**Exercise directions**
Write the listing out again exactly as it stands, with no images.

Recorded data section start

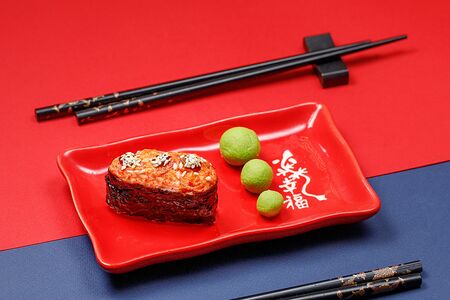 Запеченный гункан с креветкой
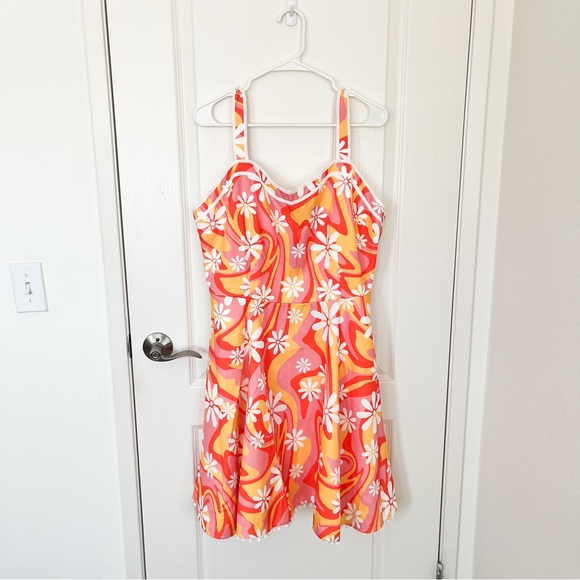 NWOT Unique Vintage Yellow Psychedelic Sweetheart Flare Dress - Picture 7 of 7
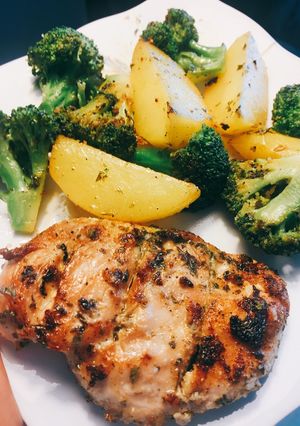 Foto resep Grill chicken with sauté broccoli and potatoes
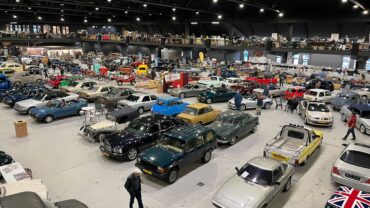 Autotron Classics, waar liefhebbers en legendarische auto’s dit weekend samenkomen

Recorded data section end

**Answer to this problem**
 Запеченный гункан с креветкой
 NWOT Unique Vintage Yellow Psychedelic Sweetheart Flare Dress - Picture 7 of 7
 Foto resep Grill chicken with sauté broccoli and potatoes
 Autotron Classics, waar liefhebbers en legendarische auto’s dit weekend samenkomen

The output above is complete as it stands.